» **THE DATA**:
----

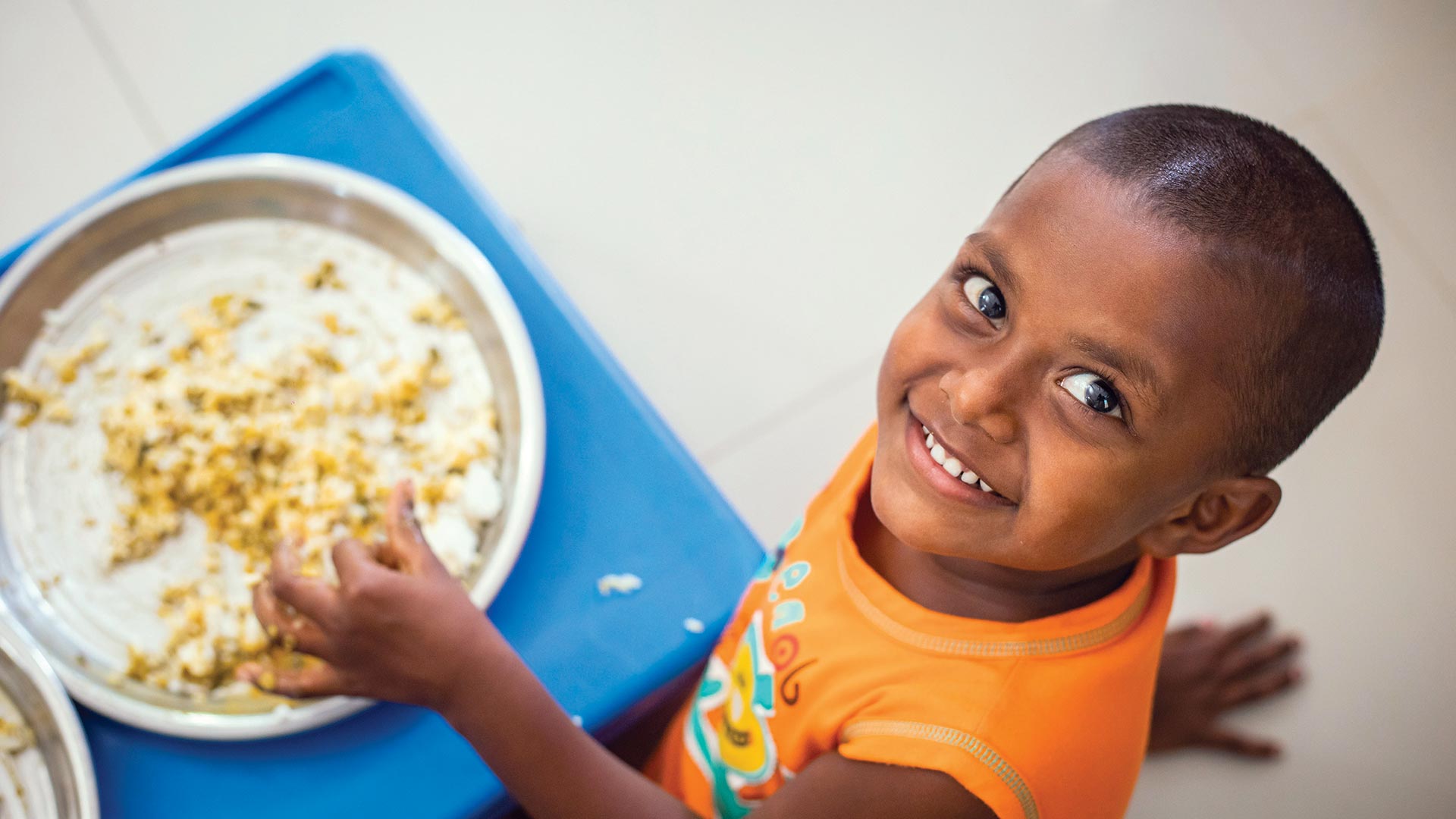 Tata group food fortification
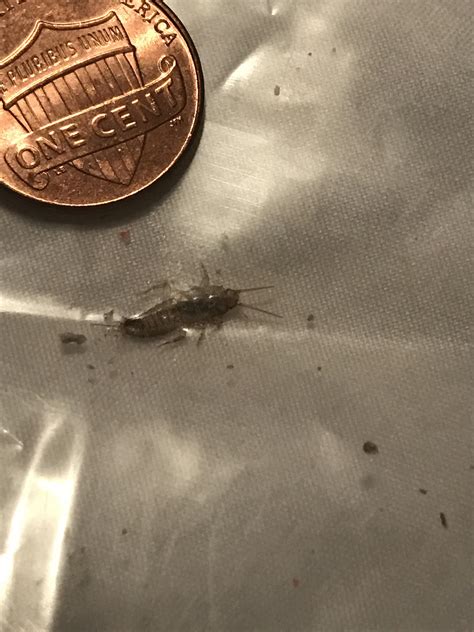 Need Help Identifying Bug Found Two Smaller Ones In The Bathroom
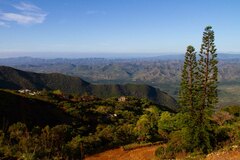 Araucaria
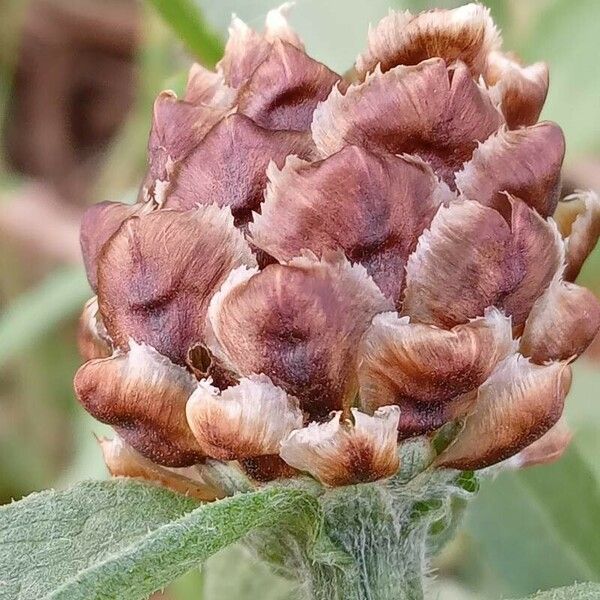 Centaurea jacea Flor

----

Output the material word for word, and keep the pictures out.

 Tata group food fortification
 Need Help Identifying Bug Found Two Smaller Ones In The Bathroom
 Araucaria
 Centaurea jacea Flor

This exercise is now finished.